__PROBLEM TO SOLVE__
Print each line from the start of the records below up through the line where "Capitol Hill Casa" is found, exactly as given.

[Items from a data source]
# # #

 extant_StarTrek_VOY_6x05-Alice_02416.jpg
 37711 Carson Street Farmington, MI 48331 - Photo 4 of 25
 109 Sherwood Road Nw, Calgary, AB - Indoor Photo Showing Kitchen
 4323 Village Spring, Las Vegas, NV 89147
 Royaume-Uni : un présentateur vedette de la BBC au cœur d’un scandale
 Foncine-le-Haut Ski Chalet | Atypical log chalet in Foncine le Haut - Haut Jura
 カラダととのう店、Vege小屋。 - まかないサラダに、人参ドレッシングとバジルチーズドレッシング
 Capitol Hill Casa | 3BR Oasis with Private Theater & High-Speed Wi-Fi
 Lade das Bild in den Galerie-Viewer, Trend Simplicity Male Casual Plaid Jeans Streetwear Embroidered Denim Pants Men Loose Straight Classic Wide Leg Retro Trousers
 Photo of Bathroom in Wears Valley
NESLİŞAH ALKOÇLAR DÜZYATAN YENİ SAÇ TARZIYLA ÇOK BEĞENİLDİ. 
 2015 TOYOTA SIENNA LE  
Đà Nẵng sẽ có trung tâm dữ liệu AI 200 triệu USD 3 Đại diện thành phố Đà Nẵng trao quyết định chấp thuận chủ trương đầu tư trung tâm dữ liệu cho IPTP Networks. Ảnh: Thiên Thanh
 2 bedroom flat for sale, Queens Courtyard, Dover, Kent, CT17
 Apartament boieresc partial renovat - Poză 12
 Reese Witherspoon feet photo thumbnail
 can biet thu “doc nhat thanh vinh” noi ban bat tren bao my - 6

# # #

__PROBLEM SOLUTION__
 extant_StarTrek_VOY_6x05-Alice_02416.jpg
 37711 Carson Street Farmington, MI 48331 - Photo 4 of 25
 109 Sherwood Road Nw, Calgary, AB - Indoor Photo Showing Kitchen
 4323 Village Spring, Las Vegas, NV 89147
 Royaume-Uni : un présentateur vedette de la BBC au cœur d’un scandale
 Foncine-le-Haut Ski Chalet | Atypical log chalet in Foncine le Haut - Haut Jura
 カラダととのう店、Vege小屋。 - まかないサラダに、人参ドレッシングとバジルチーズドレッシング
 Capitol Hill Casa | 3BR Oasis with Private Theater & High-Speed Wi-Fi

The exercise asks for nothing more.